Diverses conventions de partenariat, trois au total , visant la mise en place de filières de valorisation écologique des déchets ont été signées, entre l'Etat marocain et le secteur privé, dans l'objectif de répondre aux problématiques liées aux activités de gestion et de valorisation des déchets. 

Ces accords signés entre le ministère chargé de l'Environnement, le ministère de l'Intérieur et le ministère de l'Industrie, du Commerce, de l'Investissement et de l'Economie numérique, d'une part, et la Fédération des industries forestières, des arts graphiques et de l'emballages (FIFAGE), le Groupement des pétroliers marocains (GPM),et Eco-Gras, d'autre part , portent sur la mise en place au Maroc:

  • de filières de valorisation écologique des papiers et cartons,
  • des huiles lubrifiantes usagées,
  • des huiles alimentaires usagées.

 

Ces  conventions, à très forte  dimension économique, permettront de recycler :

  • 140.000 tonnes de carton,
  • 70.000 tonnes d'huiles lubrifiantes usagées,
  • 105.000 tonnes d'huiles alimentaires usagées.

  

Elles devraient, aussi, permettre de créer de nombreux emplois dans les filières concernées, tout en améliorant le rendement et les conditions d’emploi des personnes qui « travaillent dans l’informel et dans des conditions précaires ».

 

Divers exposés ont permis d’effectuer un vaste tour d’horizon des politiques mises en œuvre au Royaume du Maroc pour favoriser une véritable politique de  gestion des déchets. De même qu’il aura été présenté un indicateur du développement durable.
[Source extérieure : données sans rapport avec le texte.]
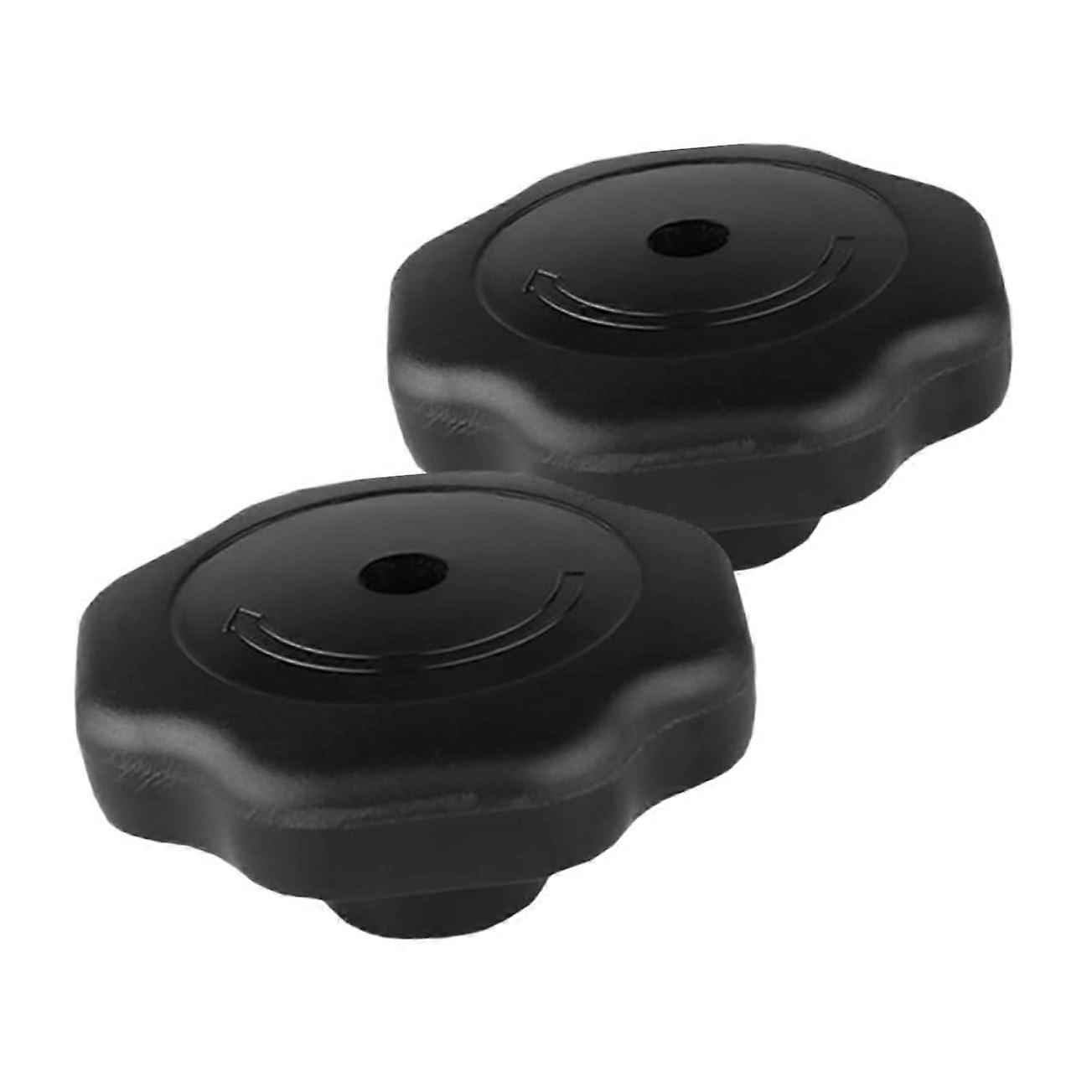 2 Pcs Pressure Cooker Lid Knob Replacement with Ergonomic Grip, Heat Resistant, Fits Multiple Models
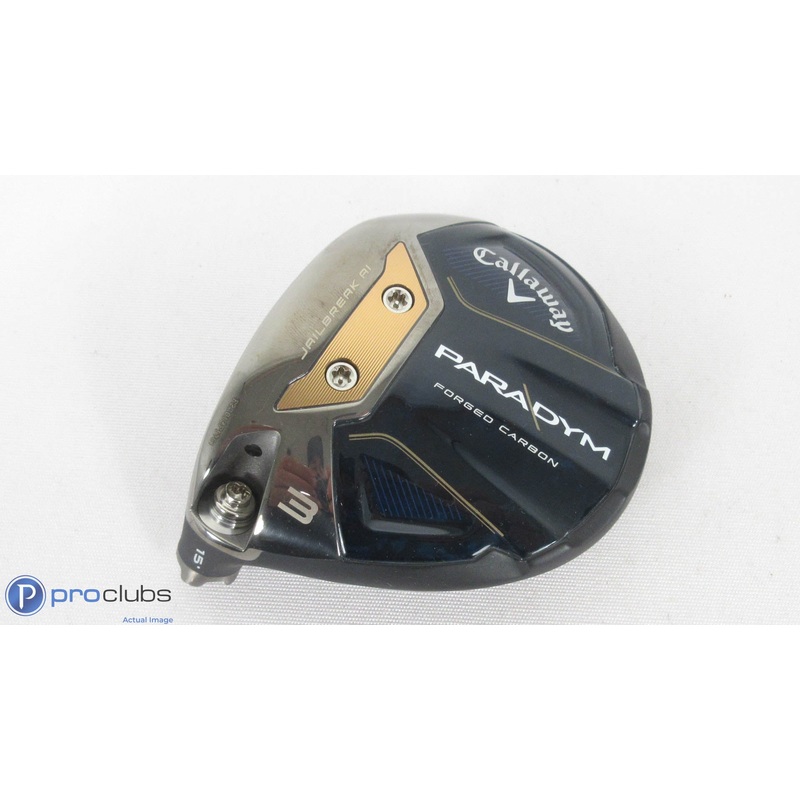 Nice! Left Handed Callaway Paradym 15* – 3 Wood – Head Only – L/H 383758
Deux tables rondes ont permis à l’auditoire de participer pleinement à cette rencontre. Tables rondes autour des différentes stratégies et opportunités de développement du tri, du recyclage et de la valorisation des déchets.

 

Certains axes de valorisation énergétiques ont également été  longuement évoqués. Tout comme l’assistance a eu droit à des communications sur quelques expériences étrangères, et notamment concernant le modèle allemand de stratégie de mise en place des filières ; et français sur le développement de l’économie circulaire.

Cette conférence est assurément venue conforter les uns et les autres sur le positionnement du Maroc, dans la sphère sud, concernant les problématiques liées à l’environnement et à la lutte contre la pollution.